In the mid-1990s, Evelyn Struthers lovingly cared for her husband while he lived with Parkinson's disease, and the experience inspired her to help others. She donated her time, and millions of dollars, to help the Methodist Hospital Parkinson's Center move to its own building and expand its services to become a nationwide model. After the move happened, she remained a devoted and hands-on volunteer at the Struthers Parkinson's Center.

"At age 85 she would be there in her little pink volunteer jacket with a nametag that said "Evie" feeding people lunch and wiping their mouths and leading them to their next activity," said Dr. Martha Nance, the center's medical director. "No one had any idea that this was the person for whom this building was named."

Struthers, of Minneapolis, died at 97 with her family at her bedside at Methodist Hospital on Oct. 29.

She was born in Dunn, N.C., graduated from the University of North Carolina, Greensboro, and taught physical education for several years in Evansville, Ind., where she met Alan Struthers. They married in 1940 and moved to Minneapolis, where they raised four children in a house in the Kenwood neighborhood where they lived for more than 34 years.

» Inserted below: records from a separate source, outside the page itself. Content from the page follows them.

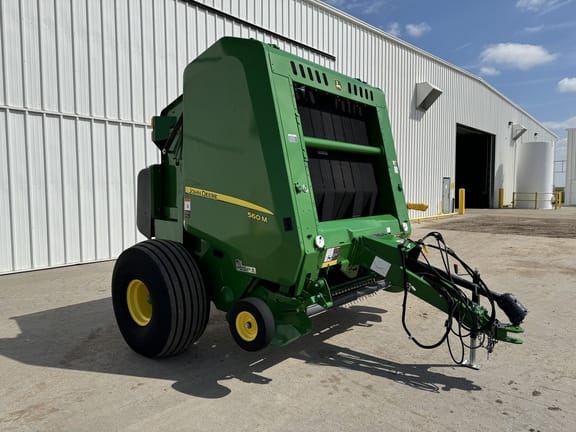 2023 John Deere 560M Equipment Image0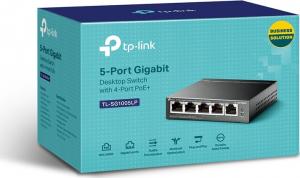 Switch TP-Link TL-SG1005LP 3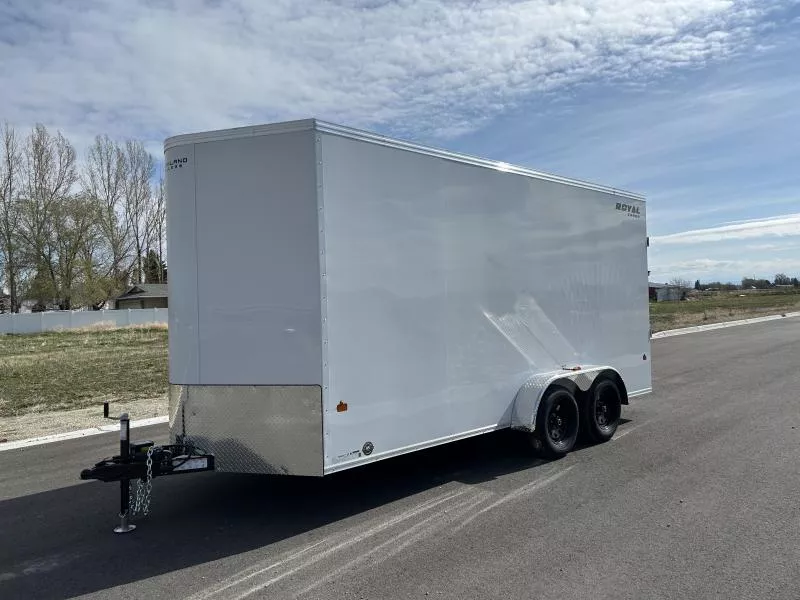 2026 Southland Trailers LCHT35-718-86 V-Nose Cargo / Enclosed Trailer
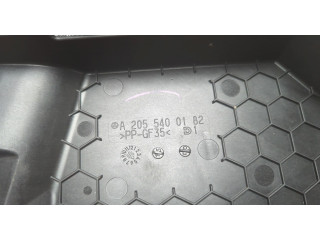 Крышка блока предохранителей  Mercedes GLC X253 2015-2022      A20554001082   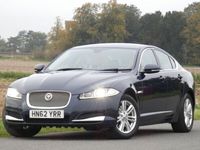 used Jaguar XF 2.2d [200] Luxury 4dr Auto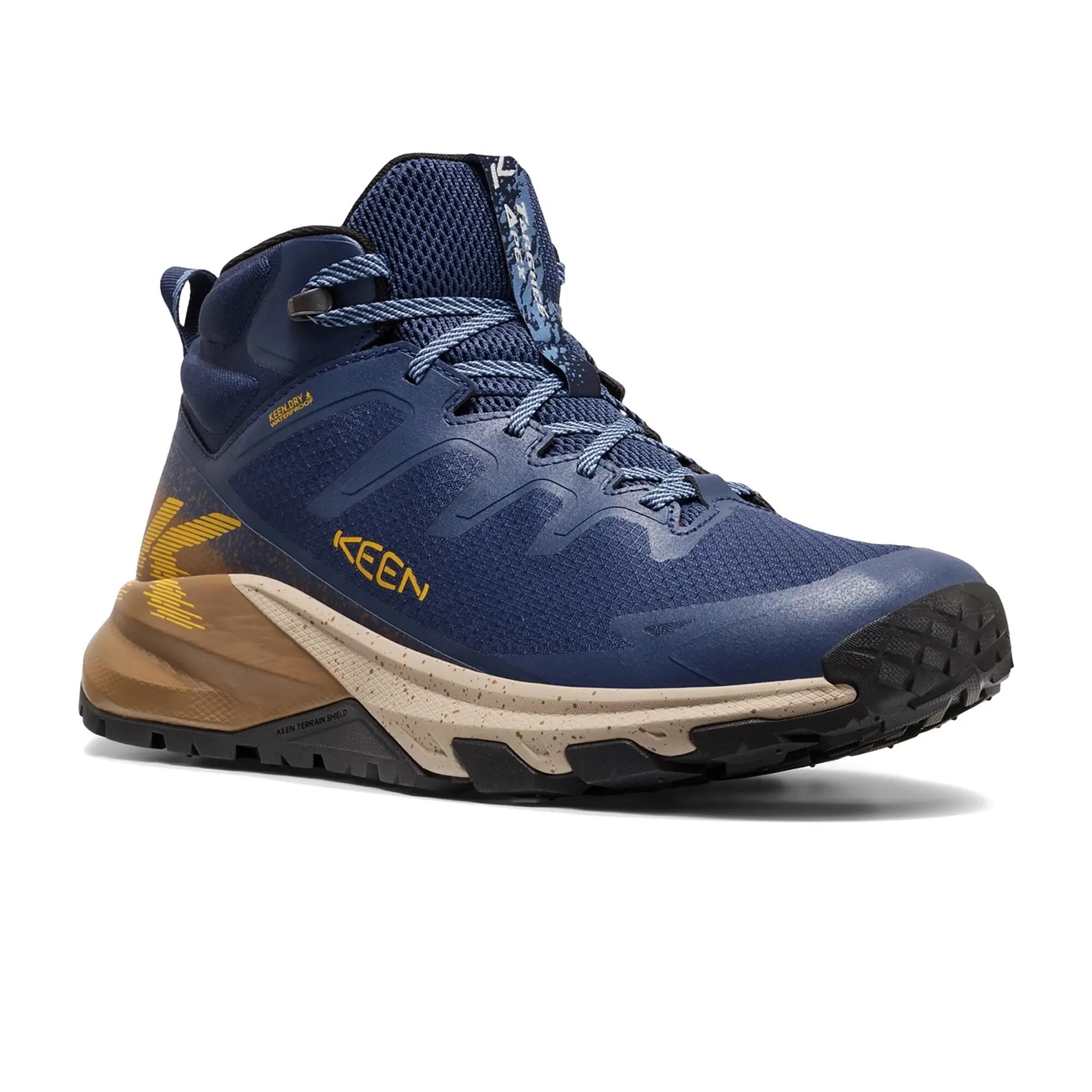 KEEN Targhee Apex Mid Wp férfi túrabakancs 6/6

"She could get a lot of stuff done, and she knew how to run a household on a tight budget," said her son, Richard Struthers. "She was the grand matriarch of the family."

Like many women of her generation, Struthers stayed home to raise the kids, but was deeply involved in the community. She was a founding member of the HAGS (Housewives Amalgamated Growth Stocks) investment club, the "Bourbon Alley Garden Club" and was a longtime member of Plymouth Congregational Church. She loved to golf and belonged to the Interlachen Country Club, and was the longest-living member of the Woman's Club of Minneapolis. She played golf until age 90 and drove until age 92. Bridge was a passion, and she played in the days just before she died.

Throughout the last decades of her life, she was particularly proud of the work she'd done at the Struthers Parkinson's Center's CREATE program, which provides respite for caregivers, and she remained an active participant on the Center's Community Advisory Board until her death.

"She really leaves a lasting legacy that will help people with Parkinson's and their families for decades to come," said Nance. "We couldn't have done it without her financial support, but also her leadership."

Struthers said that while his mother was deeply committed to the Parkinson's Center, she never let that get in the way of her commitment to her family. For decades, every July she hosted a family gathering at Grand View Lodge in northern Minnesota, where she'd hold court in one of the cabins. There, she could catch up on the latest family happenings. There was always a bridge game going, and she relished the chance to teach the game to her grandchildren.

"One of her last wishes when in hospital was to make sure that Grand View Lodge would be paid for," Struthers said. "She wanted to make sure the family will have at least one more year together — family was most important in her life."

Evie Struthers is survived by her four children, Gale Madsen of Lancaster, Va., Janet Zakrajsheck of Mequon, Wis., Alan Struthers of Sea Girt, N.J., and Richard of Minneapolis, 10 grandchildren, 19 great-grandchildren and a brother, William "Tittle" Tart. She was preceded in death by husband, Alan. Services have been held.